Artículo publicado en el número 54 de la revista Punto de Encuentro, de la Obra Social de Acogida y Desarrollo (OSDAD), cuyo hilo conductor en este número es la comunicación.
¿Mayor comunicación?
Decir que hoy en día hay más medios y posibilidades que nunca para poder comunicarse casi con cualquier persona del mundo no tiene nada de novedoso. No es difícil, por ejemplo, hablar por Twitter con tu escritor favorito o contactar con todo tipo de personas en Facebook. Puedes compartir tus fotos, más o menos afortunadas, por Instagram y es más que probable que estés en al menos un grupo de WhatsApp. Parece como si todos estuviéramos interconectados, como si la comunicación hubiera llegado a un punto álgido.

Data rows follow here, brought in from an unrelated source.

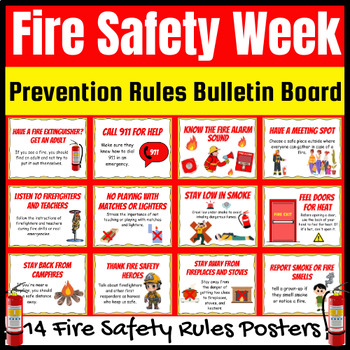 Fire Prevention Rules Posters | Fire Safety Week Bulletin Board by ...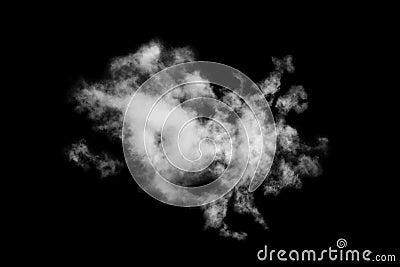 Cloud isolated on black background,Textured Smoke,Brush clouds,Abstract black Stock Photo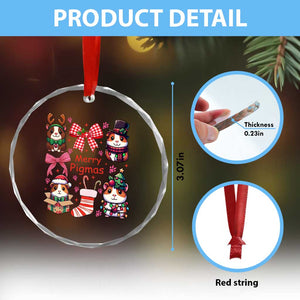 Merry Pigmas Crystal Glass Ornament Funny Guinea Pig Cavy Lover Holiday Gift TS12 Print Your Wear
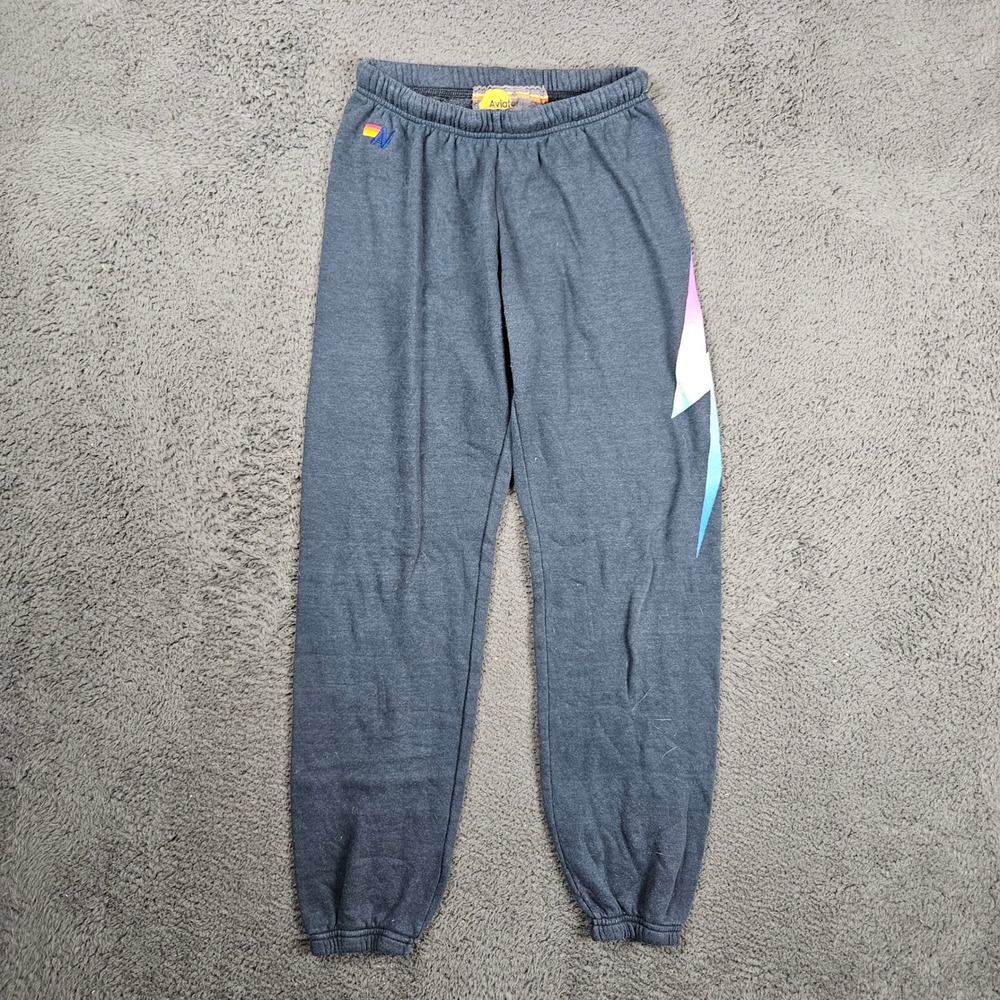 Aviator Nation Charcoal Gray Rainbow Bolt Sweatpants Medium Made in USA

O, quizá, la ilusión de comunicación.
Es bueno tener este tipo de herramientas. Gracias a ellas, por ejemplo, han podido volver a encontrarse familiares lejanos o amigos que se habían perdido la pista. Sin embargo, hay que tener cuidado con pasar del uso al abuso. Un ejemplo de este abuso lo tenemos con solo echar un vistazo por la calle: tantas personas agarradas a su móvil, casi incapaces de despegarse de él. Pendientes del último mensaje, de la última ocurrencia. Incluso se puede ver a familias paseando más pendientes de su móvil que de quien tienen al lado. ¿Podemos hablar de verdadera comunicación cuando a la hora de comer se está más atento al móvil o a la televisión que a aquellos con los que se está? ¿No es una muestra de que el estar conectado importa más que conectar de verdad con las personas?
Una consecuencia de esta necesidad de estar conectado es la banalización de la comunicación. Grupos de WhatsApp, estados de facebook, tuits llenos de mensajes que no aportan nada, que solo sirven para alimentar la ficción de que contamos, de que estamos ahí, de que somos aceptados y queridos. Por un puñado de «me gustas».
La excesiva popularización de estos medios, por otra parte, puede llevar a una menor calidad comunicativa. Aspectos vitales de la comunicación como las inflexiones de la voz o el lenguaje no verbal quedan apartados por completo, sin posibilidad de verse reflejados con la suficiente exactitud en un lenguaje que necesariamente tiene que ser breve e inmediato. Sí, los famosos emojis o emoticonos de toda la vida intentan paliar este problema, pero no pueden sustituir lo que un encuentro real puede ofrecer.
Comunicarse con alguien nos habla de establecer una relación. De internarnos en ella para donarnos. Un buen ejemplo lo podemos encontrar en la cada vez menos estilada comunicación en familia. Por desgracia, en la actualidad no son pocas las familias que comen a distintas horas, pendientes de la televisión, del móvil, como si solo fueran un grupo de personas que por casualidad han coincidido en un lugar para comer mientras siguen a sus cosas.
Pero la comunicación, como insinuaba un poco más arriba, tiende a sacarnos de ese egoísmo. Es importante retomar y mantener la costumbre de comer en familia, sin ningún aparatito que pueda entorpecer ese breve rato en el que todos se unen para reponer fuerzas. Es un momento idóneo para hablar, para interesarte por el otro, para hacer tuyas sus dificultades y, también, sus victorias.
En un acto de comunicación, parte de mí llega al otro y parte del otro llega a mí. Nos ponemos en común. En la medida en la que esto ocurra utilizando los medios de comunicación que podríamos decir que nos invaden, estarán bien utilizados. En cambio, cuando lo que prevalece es el egoísmo, la banalidad, lo impersonal… En esos casos no creo que podamos decir que estamos ante un genuino acto comunicativo. Llamémoslo traspaso de información, ejercicio de verborrea o como sea, pero no comunicación.
No dejemos que unas herramientas dominen nuestras vidas y nos esclavicen. Utilicémoslas con prudencia y sabiduría. Vivamos momentos de auténtica comunicación, sobre todo con nuestros familiares y amigos. Disfrutemos de estar junto a otra persona en lugar de mirar a la pantalla, hablando o en silencio. Porque el silencio también puede ser comunicativo.
Seamos personas, no apéndices de nuestro móvil.